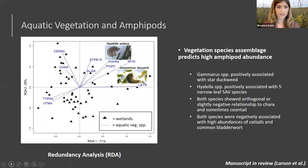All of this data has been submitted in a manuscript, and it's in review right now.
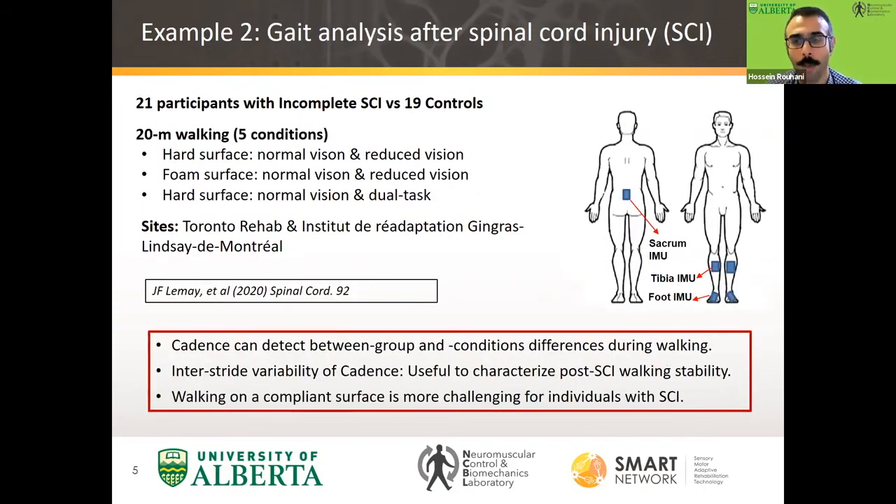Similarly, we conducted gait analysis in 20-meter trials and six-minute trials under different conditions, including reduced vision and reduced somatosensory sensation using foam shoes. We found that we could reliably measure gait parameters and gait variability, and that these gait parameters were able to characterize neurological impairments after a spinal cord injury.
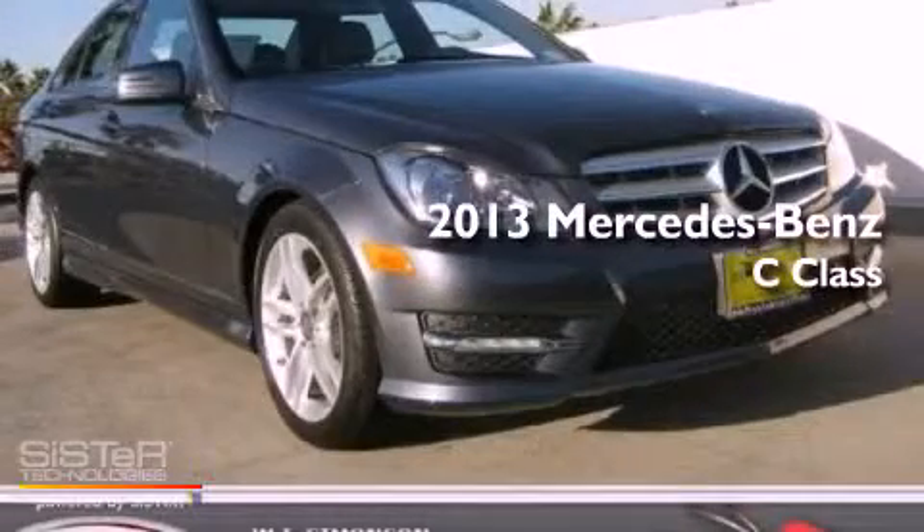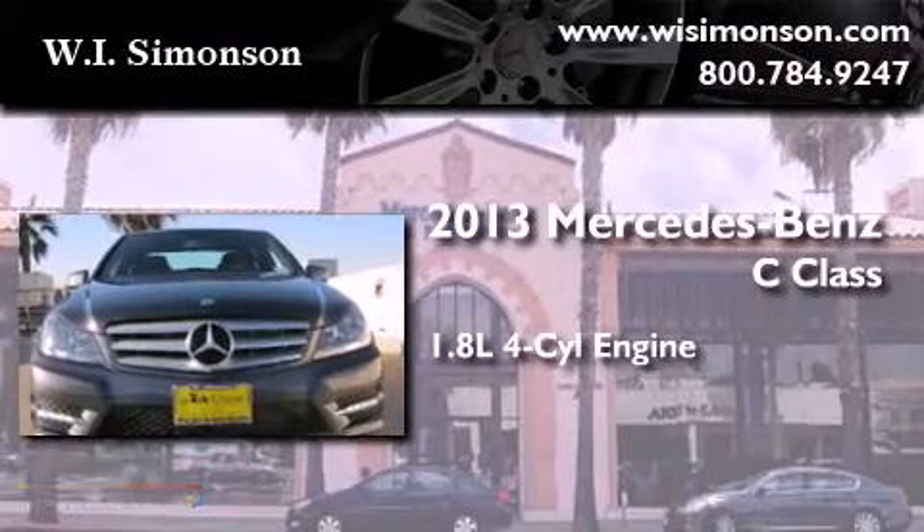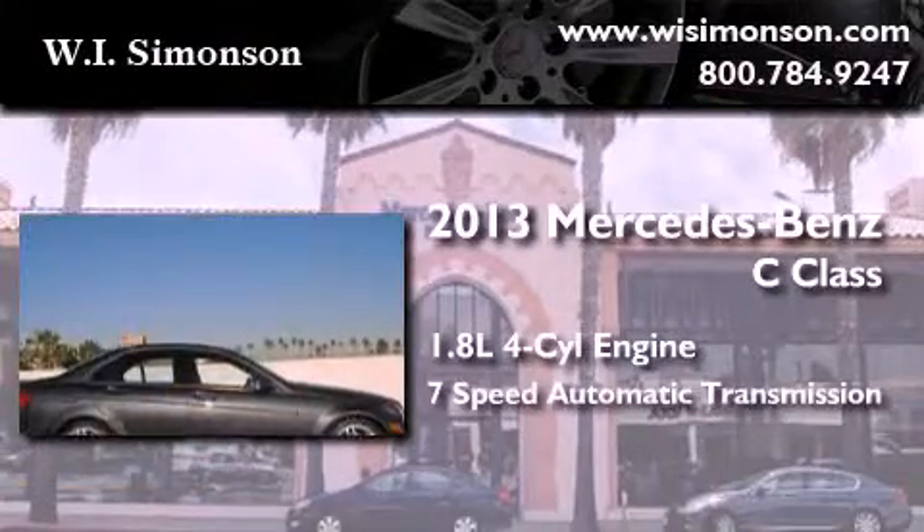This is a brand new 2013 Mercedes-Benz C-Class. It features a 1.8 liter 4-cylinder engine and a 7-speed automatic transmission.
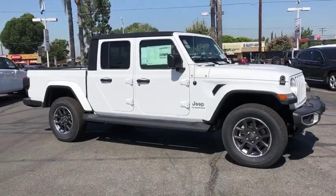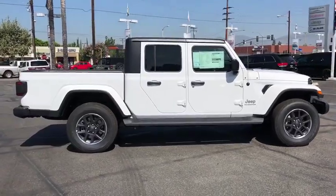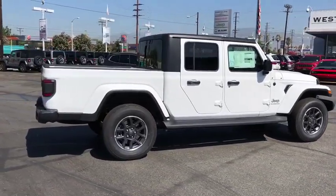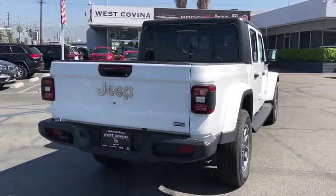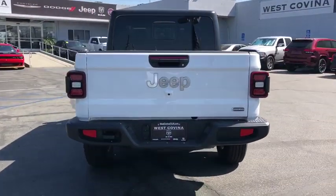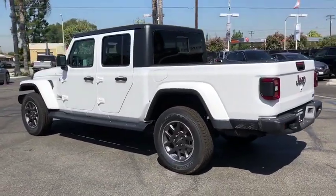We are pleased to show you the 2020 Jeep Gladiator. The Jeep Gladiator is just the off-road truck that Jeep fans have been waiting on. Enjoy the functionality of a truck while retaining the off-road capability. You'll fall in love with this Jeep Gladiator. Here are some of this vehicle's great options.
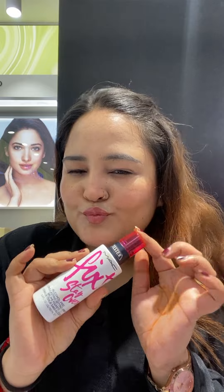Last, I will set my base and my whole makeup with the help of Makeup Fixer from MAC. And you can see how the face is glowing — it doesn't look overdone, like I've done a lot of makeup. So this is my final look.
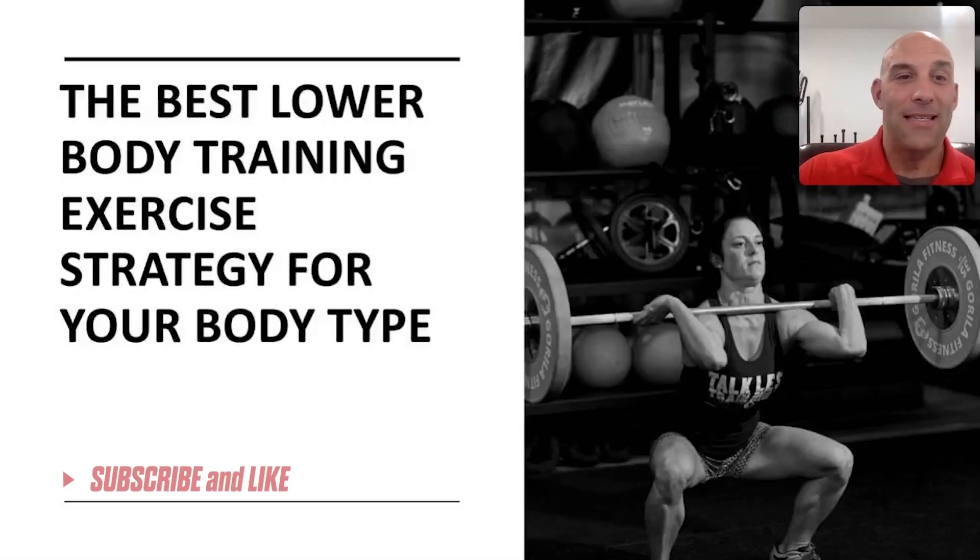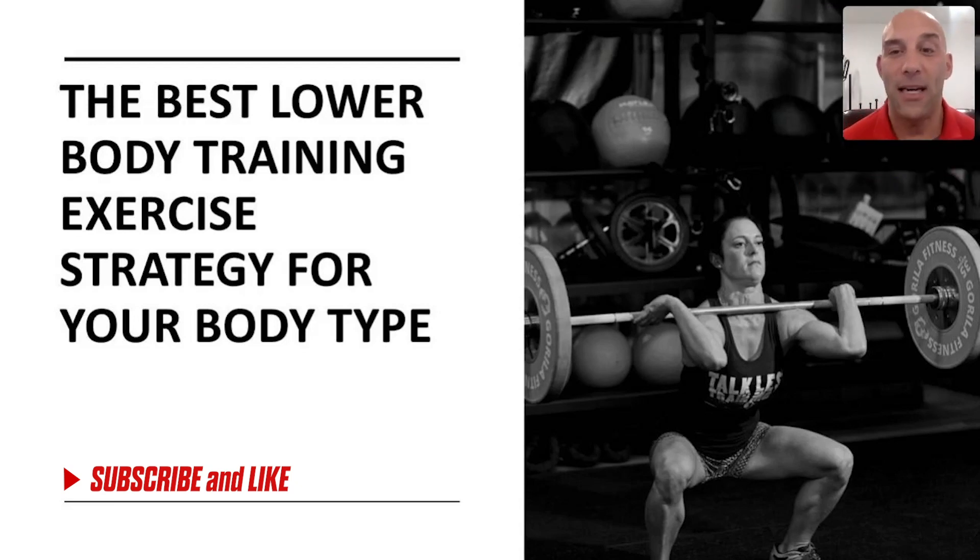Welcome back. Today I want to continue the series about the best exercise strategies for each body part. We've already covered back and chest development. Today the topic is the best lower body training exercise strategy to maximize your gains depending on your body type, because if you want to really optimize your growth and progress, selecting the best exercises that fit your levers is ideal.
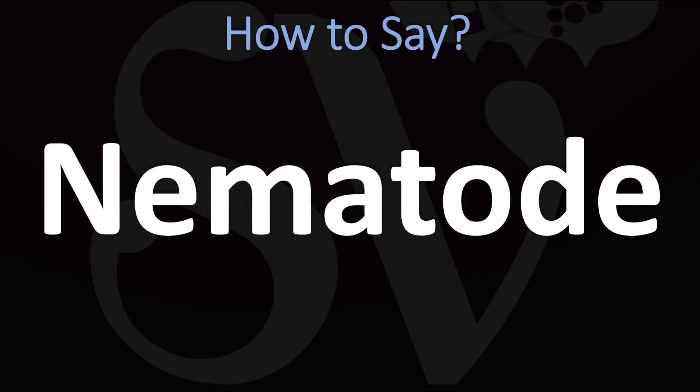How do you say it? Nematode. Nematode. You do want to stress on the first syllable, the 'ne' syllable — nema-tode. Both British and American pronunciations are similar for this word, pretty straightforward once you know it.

▶ Exercise: Copy out the lines exactly as written, beginning with the one that contains "Similarly, we conducted" and ending with the last line of the material; do not include pictures.

▶ Answer to this exercise:
Similarly, we conducted gait analysis in 20-meter trials and six-minute trials under different conditions, including reduced vision and reduced somatosensory sensation using foam shoes. We found that we could reliably measure gait parameters and gait variability, and that these gait parameters were able to characterize neurological impairments after a spinal cord injury.
This is a brand new 2013 Mercedes-Benz C-Class. It features a 1.8 liter 4-cylinder engine and a 7-speed automatic transmission.
We are pleased to show you the 2020 Jeep Gladiator. The Jeep Gladiator is just the off-road truck that Jeep fans have been waiting on. Enjoy the functionality of a truck while retaining the off-road capability. You'll fall in love with this Jeep Gladiator. Here are some of this vehicle's great options.
Last, I will set my base and my whole makeup with the help of Makeup Fixer from MAC. And you can see how the face is glowing — it doesn't look overdone, like I've done a lot of makeup. So this is my final look.
Welcome back. Today I want to continue the series about the best exercise strategies for each body part. We've already covered back and chest development. Today the topic is the best lower body training exercise strategy to maximize your gains depending on your body type, because if you want to really optimize your growth and progress, selecting the best exercises that fit your levers is ideal.
How do you say it? Nematode. Nematode. You do want to stress on the first syllable, the 'ne' syllable — nema-tode. Both British and American pronunciations are similar for this word, pretty straightforward once you know it.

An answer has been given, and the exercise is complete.